Stimson se cruzó de brazos y miró fijamente al Presidente. Roosevelt podía ser muy tozudo cuando se lo proponía, aunque su posición en el Partido Demócrata no hacia más que empeorar y en las últimas elecciones había tenido unos resultados mediocres. Roosevelt había renunciado al vicepresidente Wallace, el hombre que él había preparado para sucederle por Truman, un campesino de Missouri, gris y zafio. La era Roosevelt estaba llegando a su fin. El propio Roosevelt parecía acabado. Su piel cenicienta y una casi constante expresión de dolor, opacaban su profunda mirada.
—Si usted lo dice, señor Presidente —contestó con cinismo el Secretario.
Roosevelt comenzó a enfurecerse. Stimson tenía la habilidad de sacarle de sus casillas. Sacó del cajón una de sus pastillas para la tensión y bebió un trago de agua.
—Bueno, leeré el informe y le diré algo en unos días —dijo el Presidente con el tono demudado y la frente perlada de un sudor frío.
—Una última cuestión, señor Presidente…
Roosevelt asintió con la cabeza y el Secretario de Guerra le sonrió.
—No quiero abrumarle, señor. El nuevo vicepresidente lleva un par de meses en el cargo y no ha asistido a ninguna reunión del Alto Mando, ni tampoco sabe nada del Proyecto Manhattan.

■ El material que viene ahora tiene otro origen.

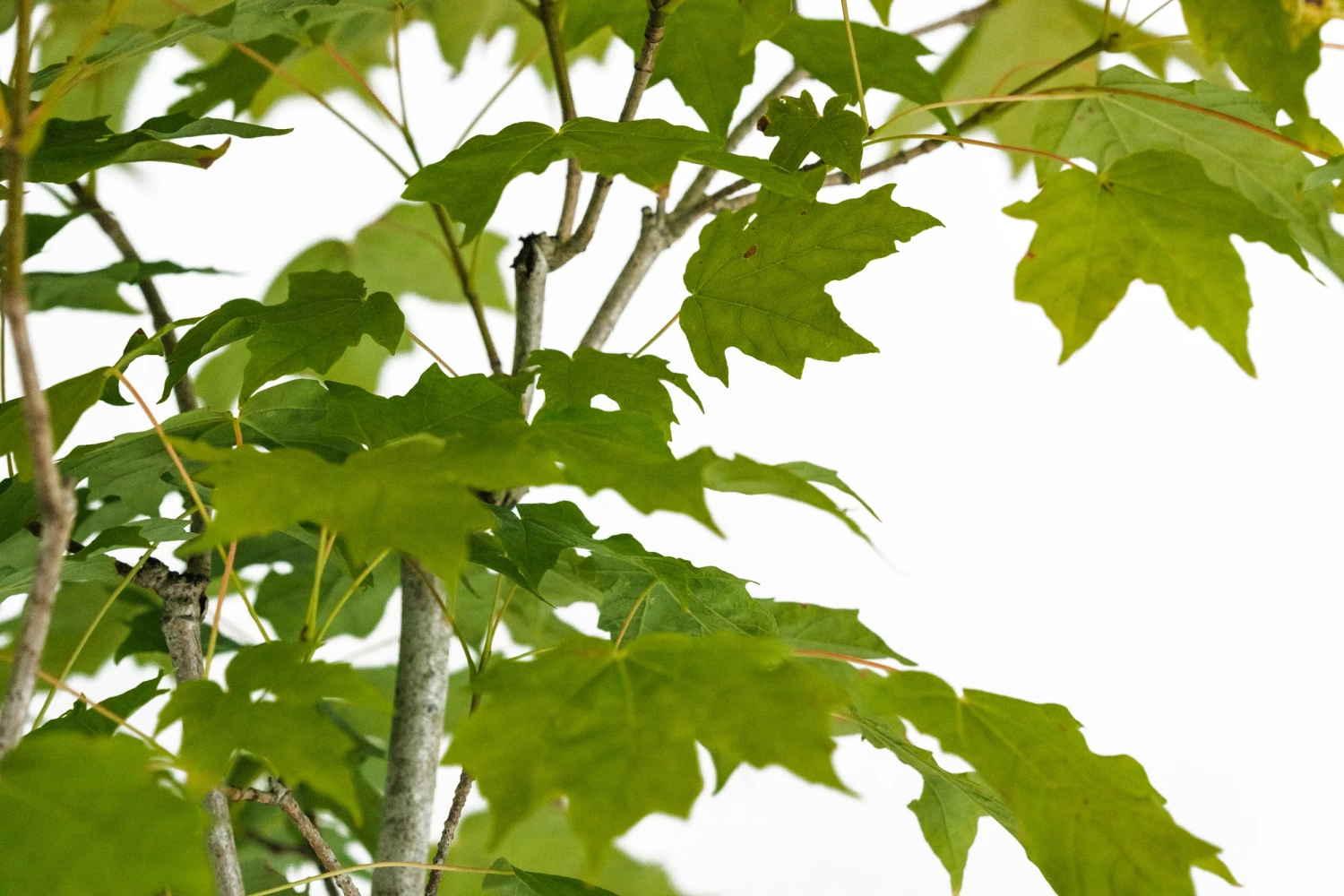 Bonsai Special | Sugar Maple (D6) 5 Bonsai Special | Sugar Maple (D6) - Image 5
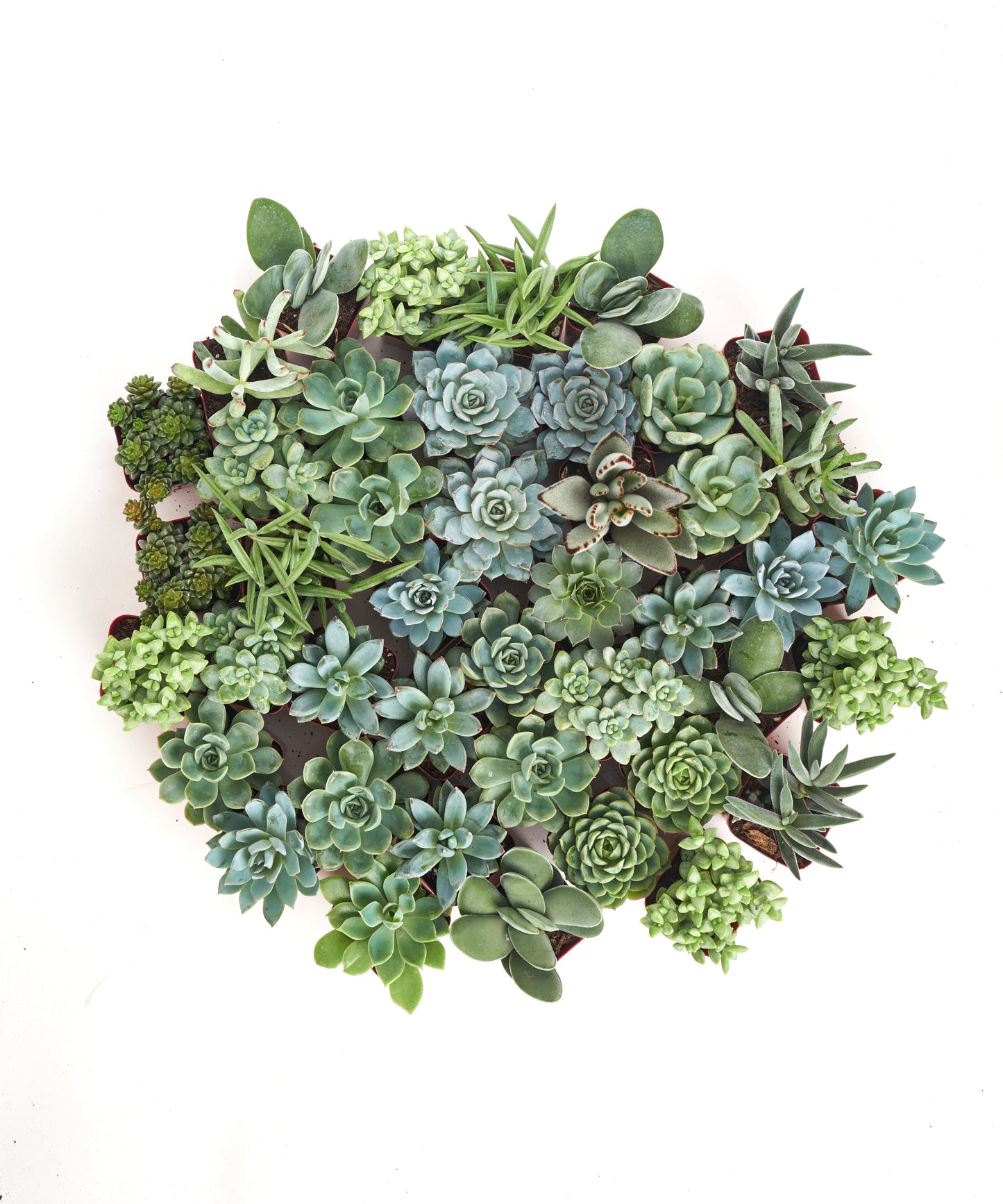 Blue & Green Mini Succulent Collection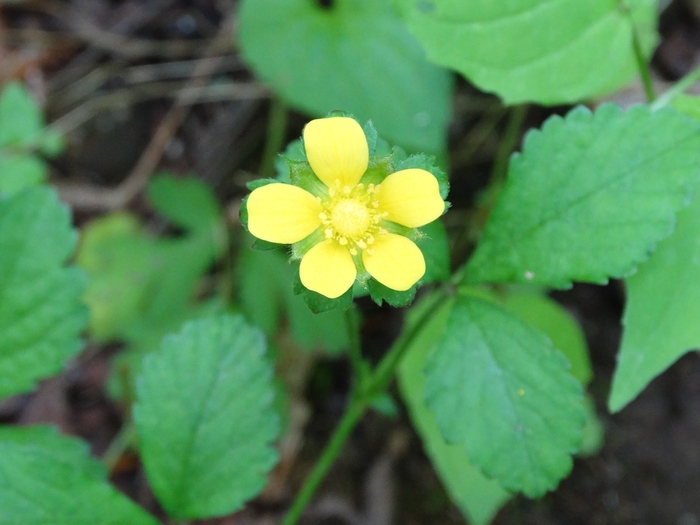 Wahkeena Nature Preserve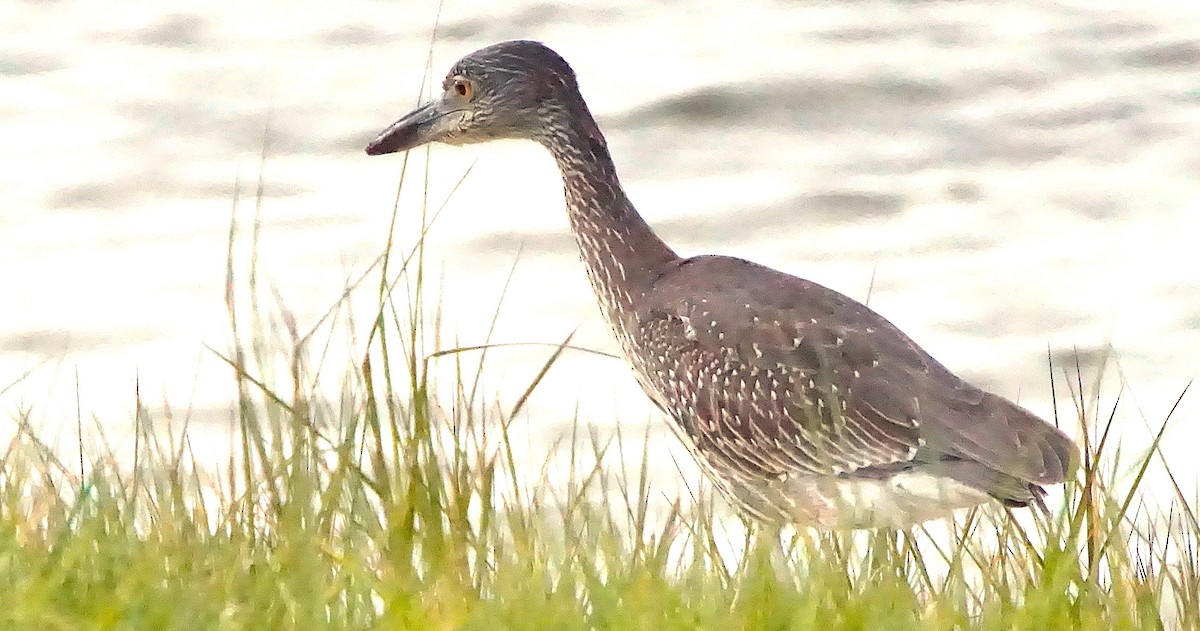 kvakoš žlutočelý - ML645257344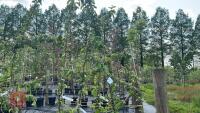 5 MALUS BUTTERBALL TREES - 6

—¿Tan mal me ve, Stimson? Mientras sea presidente, ese pueblerino no verá ni un papel sobre la guerra. ¿Me ha entendido?
—Entiendo su postura, señor Presidente, pero lleva semanas detrás de mí pidiéndome información y no sé qué decirle.
—Pues dele largas. Henry.
—Está bien. Intentaré esquivarle.
Stimson abandonó la sala mal humorado. Había sobrevivido políticamente a muchos presidentes y también sobreviviría al eterno Roosevelt, pero aquel maldito hijo de puta arrogante le sacaba de sus casillas. De todas maneras, él seguiría con el plan. La producción de la bomba continuaba su estricto programa. La bomba debía estar preparada para ser lanzada en agosto de ese mismo año. La diferencia entre lanzar o no lanzar aquella bomba podría suponer un millón de vidas americanas desperdiciadas. Aquel maldito carcamal del Presidente tenía remordimientos de conciencia de última hora, pero llegado el momento asumiría su responsabilidad. Aunque a veces se preguntaba si el Presidente llegaría a ver el final de la guerra. Su aspecto tras la Conferencia de Yalta era muy malo.
Parecía mucho más viejo. En todo caso, el vicepresidente Truman parecía un hombre más razonable. Stimson estaba seguro, de que al vicepresidente no le temblaría la mano a la hora de firmar la autorización para el lanzamiento de la bomba.